(PROVIDED DATA begins)
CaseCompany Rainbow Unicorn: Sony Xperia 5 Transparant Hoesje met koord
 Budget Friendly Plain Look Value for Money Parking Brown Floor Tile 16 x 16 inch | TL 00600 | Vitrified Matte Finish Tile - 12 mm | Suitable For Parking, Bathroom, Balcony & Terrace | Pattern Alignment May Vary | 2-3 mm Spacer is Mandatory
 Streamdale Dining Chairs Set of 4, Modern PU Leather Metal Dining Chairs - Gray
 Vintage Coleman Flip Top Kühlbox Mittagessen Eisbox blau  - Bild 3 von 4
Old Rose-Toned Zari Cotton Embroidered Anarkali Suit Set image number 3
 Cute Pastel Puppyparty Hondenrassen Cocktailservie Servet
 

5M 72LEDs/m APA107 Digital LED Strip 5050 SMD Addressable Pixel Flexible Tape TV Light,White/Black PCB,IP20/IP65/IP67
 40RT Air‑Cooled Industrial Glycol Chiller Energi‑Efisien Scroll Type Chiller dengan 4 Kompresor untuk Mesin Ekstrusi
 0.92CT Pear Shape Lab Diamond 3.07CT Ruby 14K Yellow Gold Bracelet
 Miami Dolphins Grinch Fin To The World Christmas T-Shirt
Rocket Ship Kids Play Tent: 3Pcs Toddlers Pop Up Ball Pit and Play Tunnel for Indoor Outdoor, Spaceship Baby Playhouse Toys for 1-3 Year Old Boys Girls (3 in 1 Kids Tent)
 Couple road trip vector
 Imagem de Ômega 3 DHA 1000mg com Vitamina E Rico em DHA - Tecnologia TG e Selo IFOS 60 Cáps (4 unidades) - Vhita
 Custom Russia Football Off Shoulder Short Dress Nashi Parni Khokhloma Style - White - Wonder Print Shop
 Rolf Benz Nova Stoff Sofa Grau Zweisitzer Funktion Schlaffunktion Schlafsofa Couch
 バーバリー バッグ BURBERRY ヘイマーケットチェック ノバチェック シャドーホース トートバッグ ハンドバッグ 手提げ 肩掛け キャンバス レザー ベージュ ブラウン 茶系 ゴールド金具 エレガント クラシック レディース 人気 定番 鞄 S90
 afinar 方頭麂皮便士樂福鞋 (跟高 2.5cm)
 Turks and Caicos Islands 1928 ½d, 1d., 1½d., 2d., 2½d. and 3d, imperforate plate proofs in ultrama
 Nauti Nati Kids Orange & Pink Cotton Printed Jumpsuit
(PROVIDED DATA ends)
WORK REQUEST
The answer must be a single number: the count of lines in the listing that hold the word "Kids".

SOLUTION
2